晴嵐の少年少女!晴嵐の盟約編 | 第1章-07


「よう、ずいぶんと朝寝坊なこった」
 頭の中に割って入るような不愉快な声に、航はうっすらと目を開けた。無機質な灰色が視界を埋めている。いつも身体を預けているベッドはこんな色ではないはずだ。それに、やけに硬い。もしかしてベッドから落ちてしまったとでもいうのだろうか。最近は寝相の悪さもだいぶ治ってきたというのに、こんなことは珍しい――
 寝ぼけた頭でそこまで考えると、航ははっと上体を起こした。声の降ってきた方向をたどって顔を上げると、鉄格子の向こうで汚物でも見るような目が航を見下ろしていた。
「俺たちの用意した寝床がお気に召したようでよかったよ。それともなんだ、昨夜はお楽しみだった、ってか?」
 鉄格子に手をかけたまま、神原はくつくつと忍び笑いをしている。その視線が航とその背後を交互に行き来しているのに気がついて、航は後ろを振り向いた。青い髪の少女が、身体を小さく丸めて寝転がっている。ここがどこなのか、何があったのかを完全に思い出した航は、血の気が引いていく感覚を味わった。そういえば、やたら強い光が先ほどから航の頬を叩きつけている。窓から流れ込んでくる光は明らかに朝を過ぎた、太陽が真上に近いところまで昇った頃のものだ。
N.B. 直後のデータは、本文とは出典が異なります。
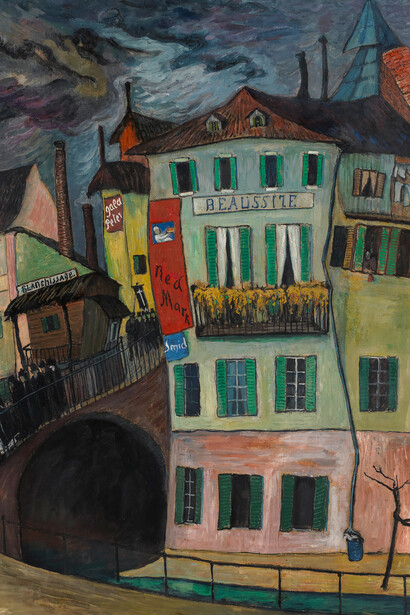 Marianne von Werefkin, En ville [In town] (détail), 1924. Avec l'aimable autorisation du Kunstmuseum Bern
 ――どうして。こんなところに初等生が二人も寝転がっているのを発見したなら、おかしいと思わないはずがないのに。
 焦りと混乱が錯綜する中、航は昨日の隼斗の言葉を思い出す。確か――この部屋は遠視がしづらいと、そんなことを言っていなかったか。
 打ちひしがれたように肩を落とす航の姿に、神原は満足そうな笑みを浮かべた。そのまま去っていこうとするのに気づいて、航は反射的に立ち上がる。鉄格子に体当たりして、神原の後ろ姿に向かって声を張り上げた。
「おい! ちょっと待て……待ってください!」
 神原はちょうど廊下の突き当たりの自動扉にカードキーをかざそうとしているところだった。航の呼び声に気がつくと、頭だけを振り返る。重たそうに半分閉じられた瞼は、いかにも面倒だと言いたげだ。航はできるだけ自分の姿が必死に映るよう、大げさな表情をつくって身体を揺らす。
「あ? 何だ」
「……もれそう」
 ぽつりと呟いた言葉は、がらんとした空間で思いがけず情けなく響いた。神原が大きなため息をつき、困ったように頭を掻く。身を翻してつかつかとこちらへ向かってくるのを見て、航は心の中でガッツポーズをした。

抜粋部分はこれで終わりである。